__REQUIREMENT__: Reproduced exactly, the lines from the start of the material through the line containing "Transporter T5. 1 - 7" should be the whole answer, with pictures excluded.

__DATA TO PROCESS__:
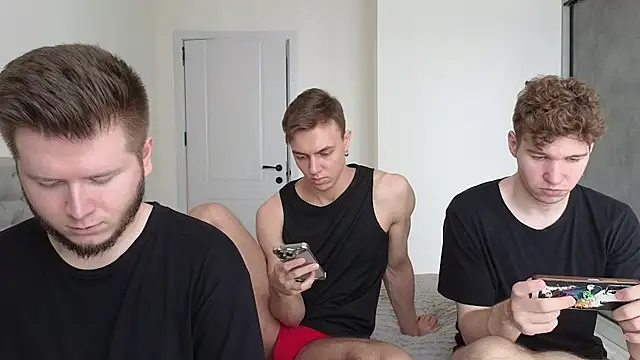 boys sobolisha online show from 07/08/26, 08:41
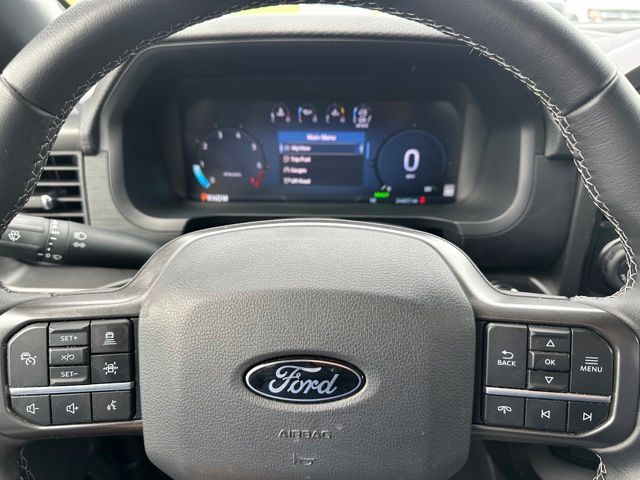 2024 Ford F-150 XLT Truck SuperCrew Cab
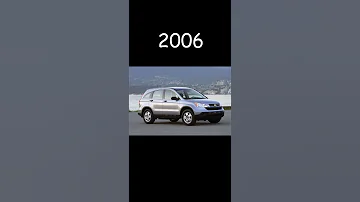 Honda CR V 1995 20 Shorts 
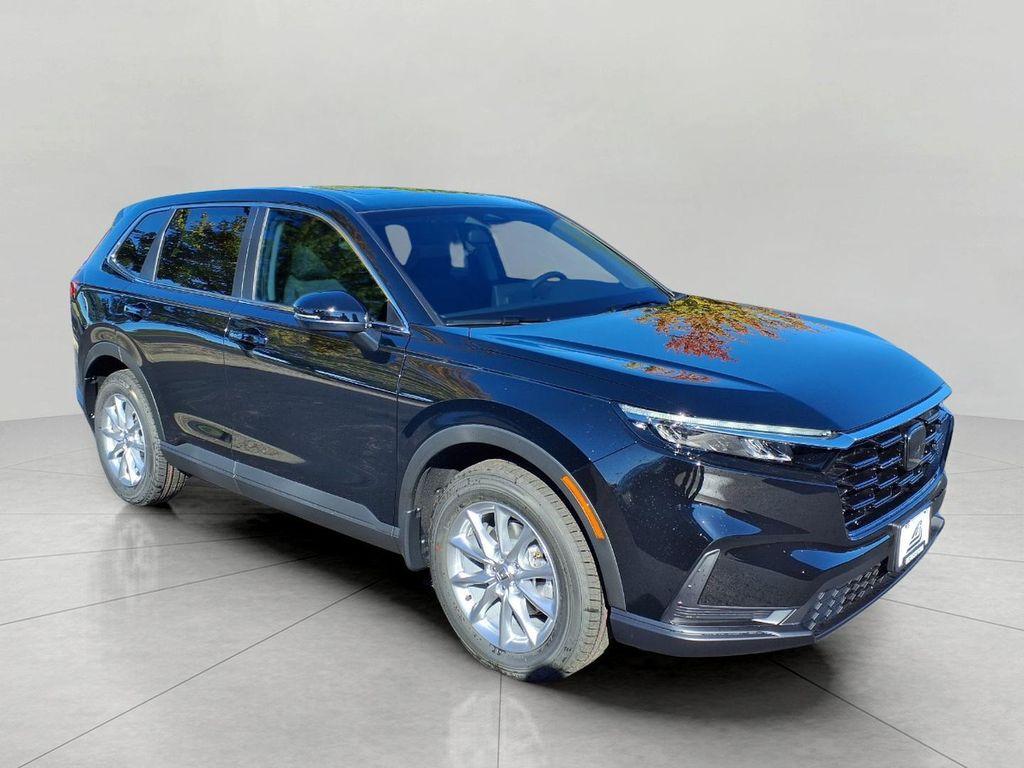 new 2026 Honda CR-V car, priced at $34,471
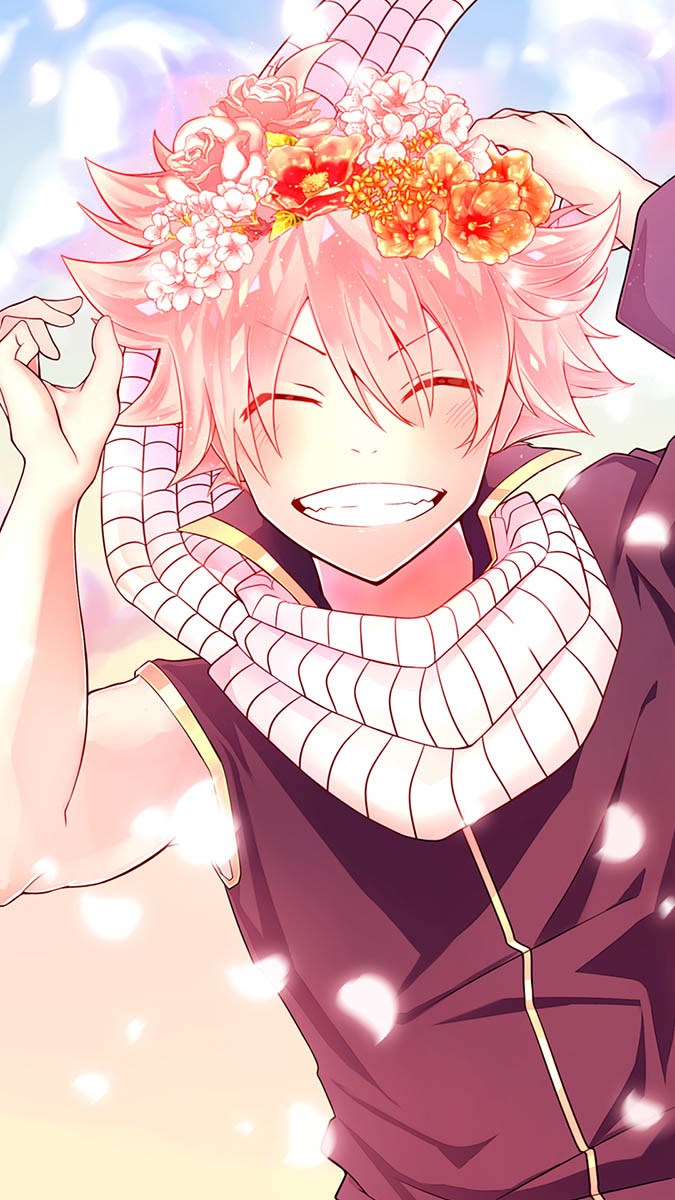 anh natsu
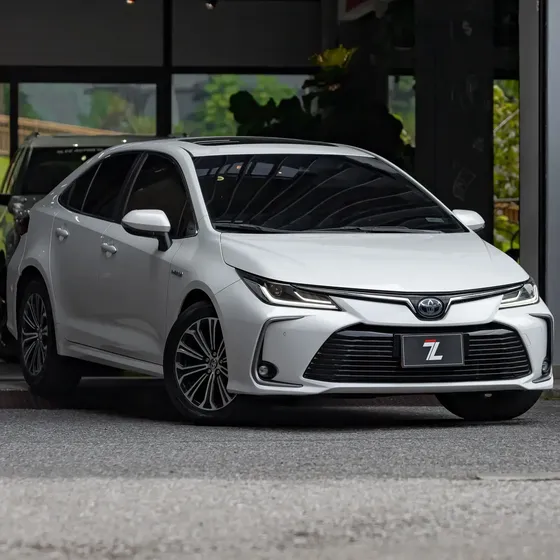 Toyota Corolla 2023 Seg 1.8
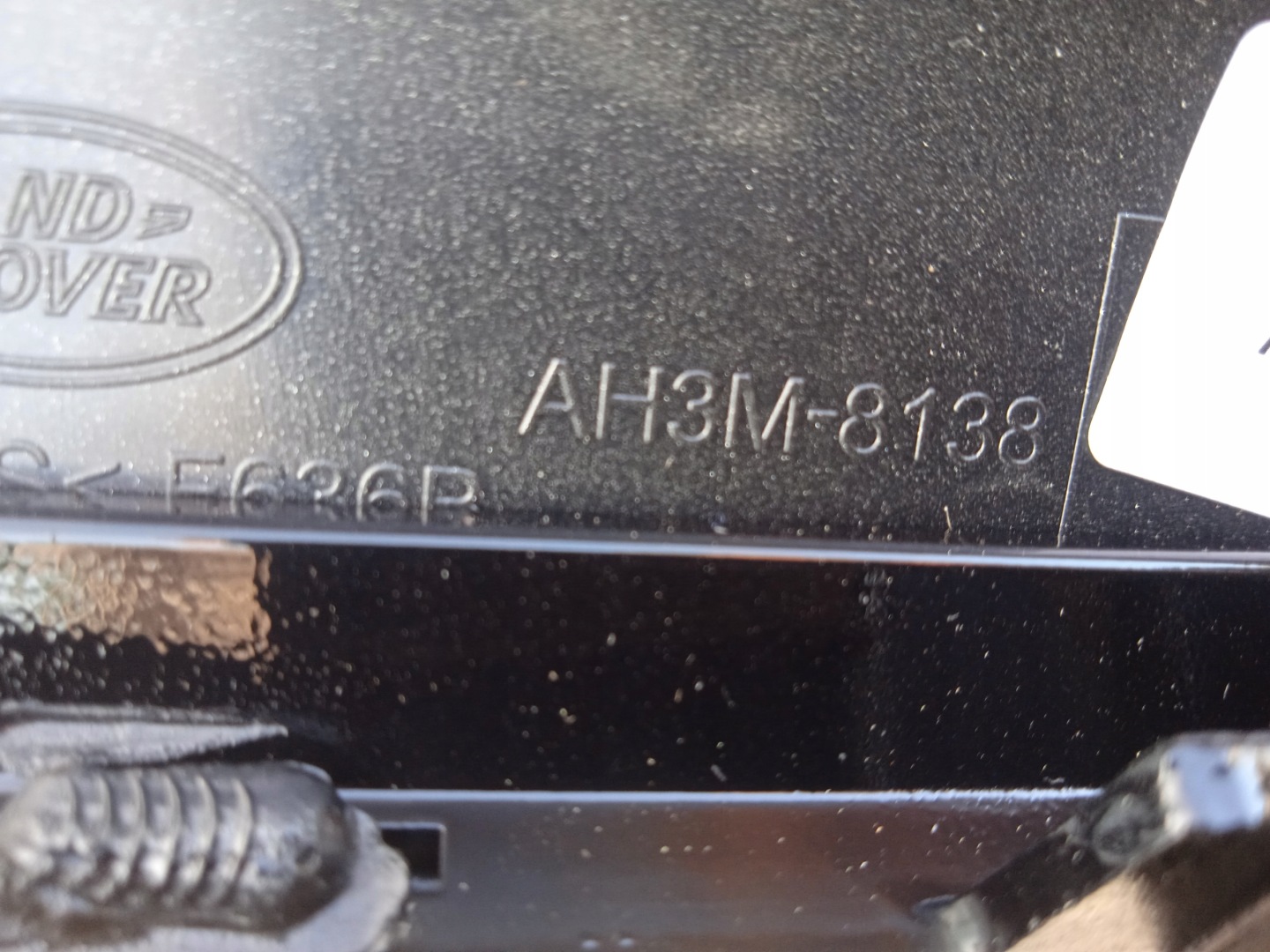 Land Rover Range Kühlergrill FRONTGRILL Kühlergitter - Thumbnail 3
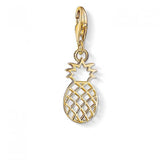 Thomas Sabo Pineapple Charm Pendant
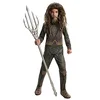 Image de Rubie's - Déguisement enfant Aquaman Justice League, DC Comics, Taille M - I-630976M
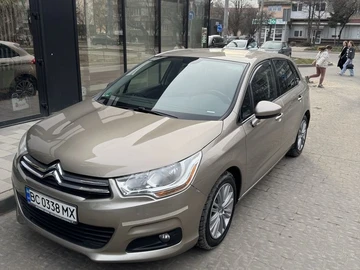 Авто Citroen C4 2011 № 8948808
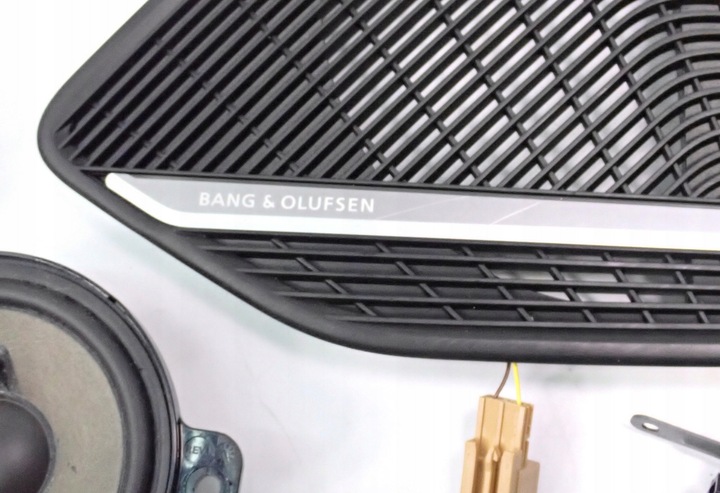 фото №9, Озвучення bang olufsen + джгути a5 8w6 b9 купе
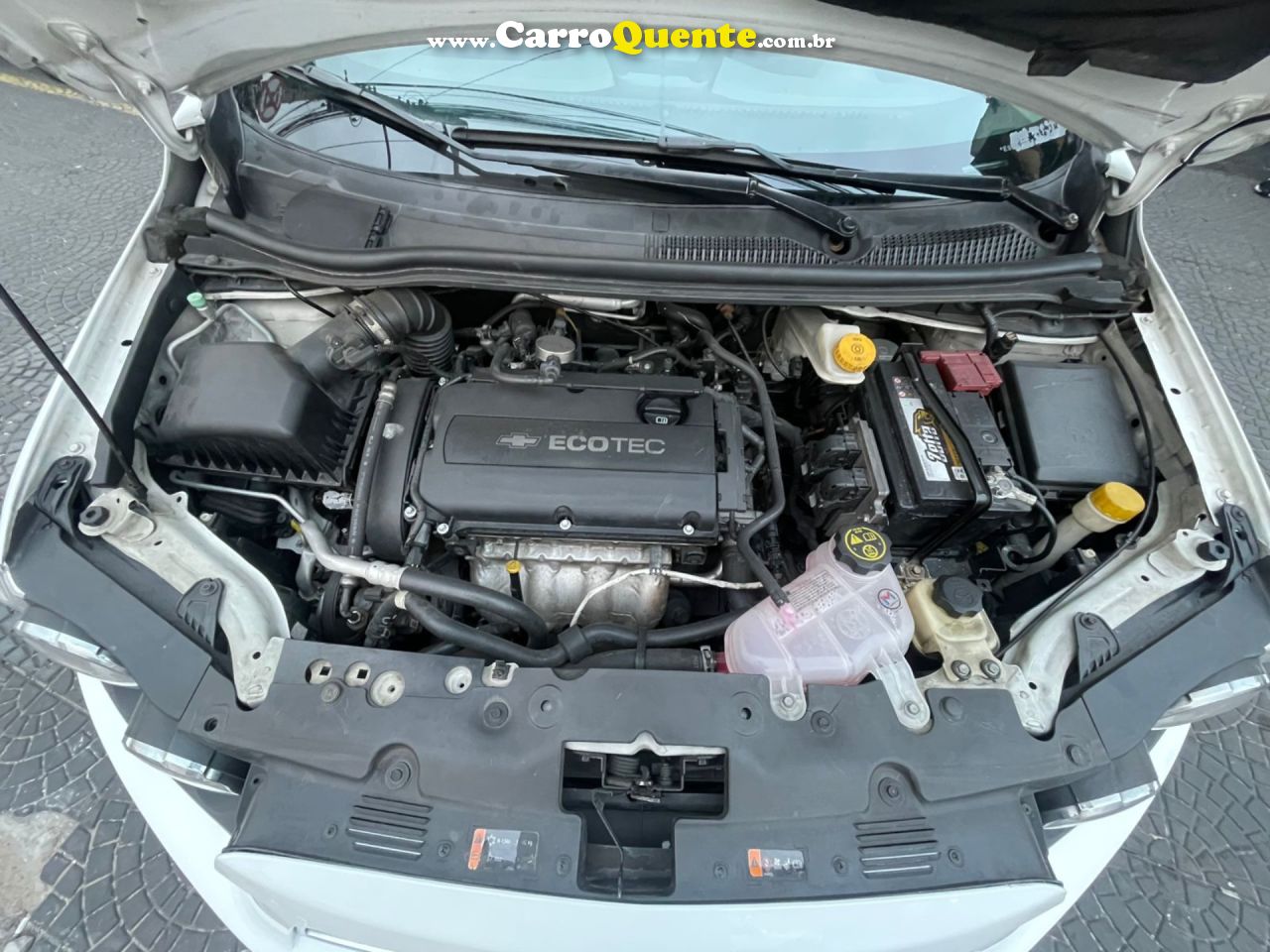 CHEVROLET SONIC 1.6 LTZ 16V 2014 - Loja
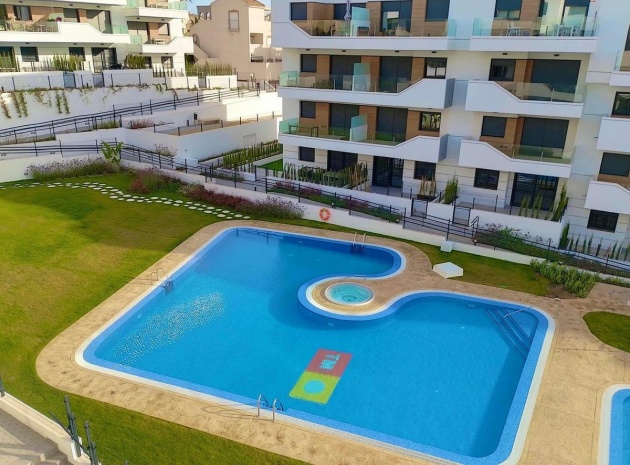 Wederverkoop - Appartement - Orihuela - Villamartin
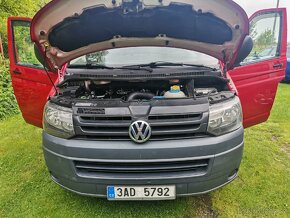 Transporter T5. 1 - 7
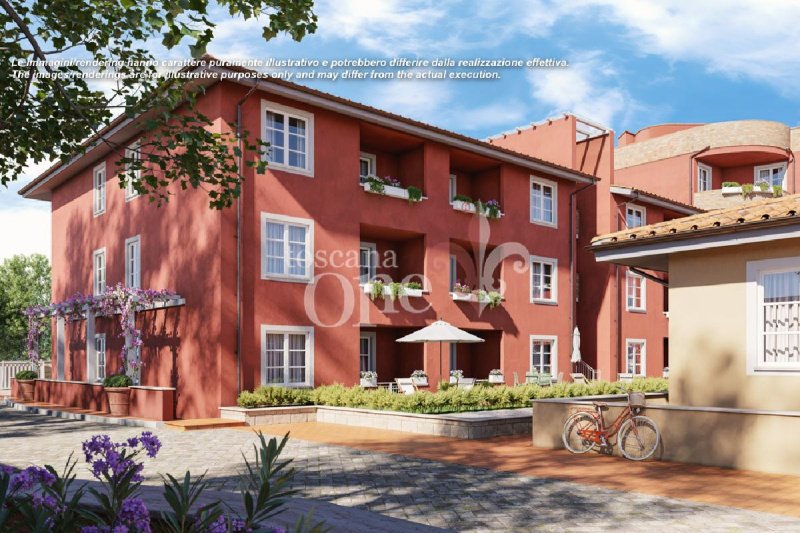 Appartement à Casciana Terme Lari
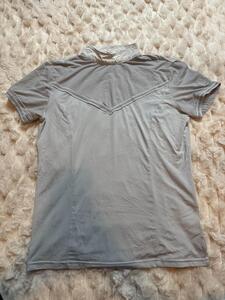 Polo de concours gris Harcour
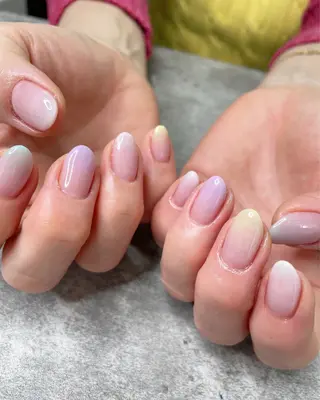 ネイル ma riのネイルデザイン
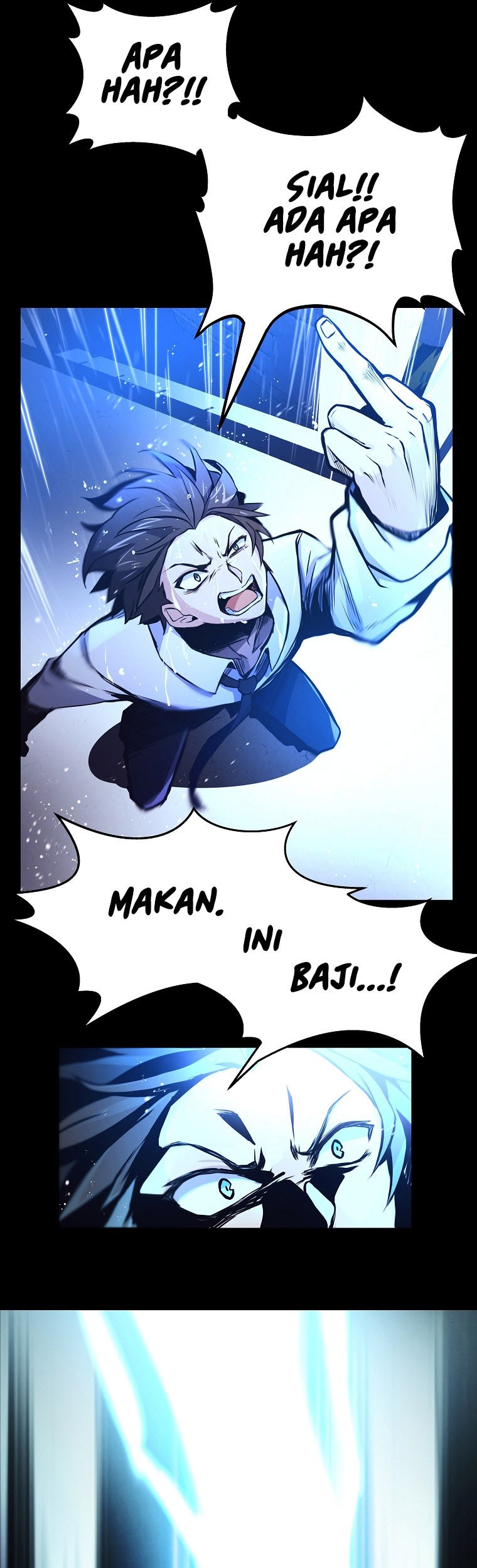 I Became A Part Time Employee For Gods (Albanara of the Gods) Chapter 01 Gambar 41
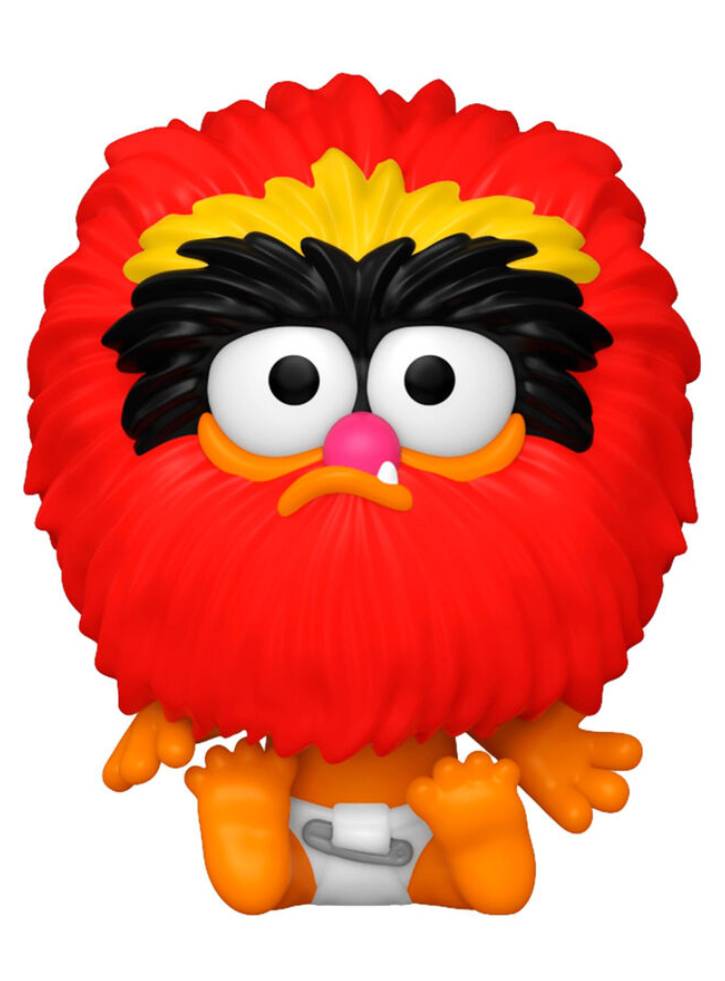 Pop The Muppets Mayhem Baby Animal 5cm 1492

__REPLY TO THE TASK__:
 boys sobolisha online show from 07/08/26, 08:41
 2024 Ford F-150 XLT Truck SuperCrew Cab
 Honda CR V 1995 20 Shorts 
 new 2026 Honda CR-V car, priced at $34,471
 anh natsu
 Toyota Corolla 2023 Seg 1.8
 Land Rover Range Kühlergrill FRONTGRILL Kühlergitter - Thumbnail 3
 Thomas Sabo Pineapple Charm Pendant
 Image de Rubie's - Déguisement enfant Aquaman Justice League, DC Comics, Taille M - I-630976M
 Авто Citroen C4 2011 № 8948808
 фото №9, Озвучення bang olufsen + джгути a5 8w6 b9 купе
 CHEVROLET SONIC 1.6 LTZ 16V 2014 - Loja
 Wederverkoop - Appartement - Orihuela - Villamartin
 Transporter T5. 1 - 7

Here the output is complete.